(TASK PROMPT): Would you retype the whole listing exactly, leaving its pictures out?

(SOURCE MATERIAL):

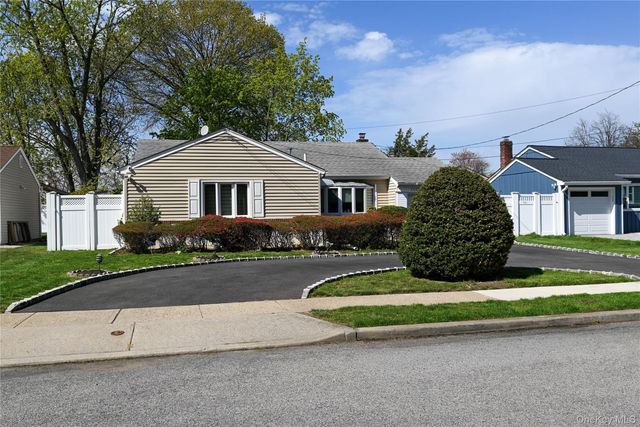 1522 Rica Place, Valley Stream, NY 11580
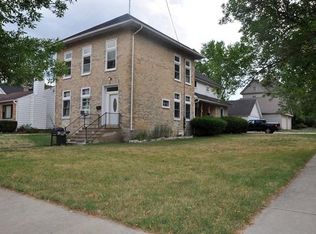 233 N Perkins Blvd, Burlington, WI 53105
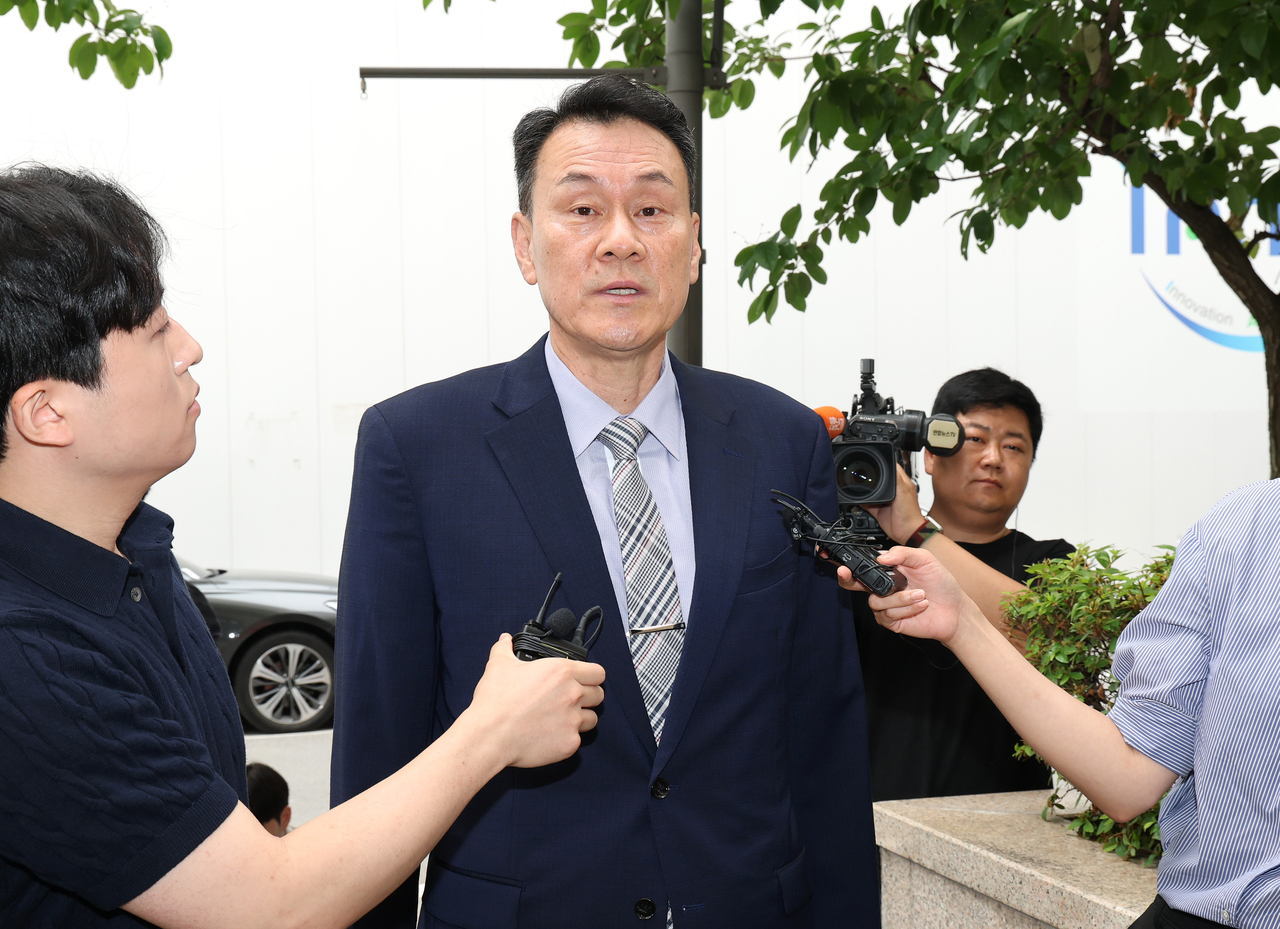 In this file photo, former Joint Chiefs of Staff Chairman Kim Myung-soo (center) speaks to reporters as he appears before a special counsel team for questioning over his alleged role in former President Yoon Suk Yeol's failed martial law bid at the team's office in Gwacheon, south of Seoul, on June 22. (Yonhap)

(RESULT OF THE EXERCISE):
 1522 Rica Place, Valley Stream, NY 11580
 233 N Perkins Blvd, Burlington, WI 53105
 In this file photo, former Joint Chiefs of Staff Chairman Kim Myung-soo (center) speaks to reporters as he appears before a special counsel team for questioning over his alleged role in former President Yoon Suk Yeol's failed martial law bid at the team's office in Gwacheon, south of Seoul, on June 22. (Yonhap)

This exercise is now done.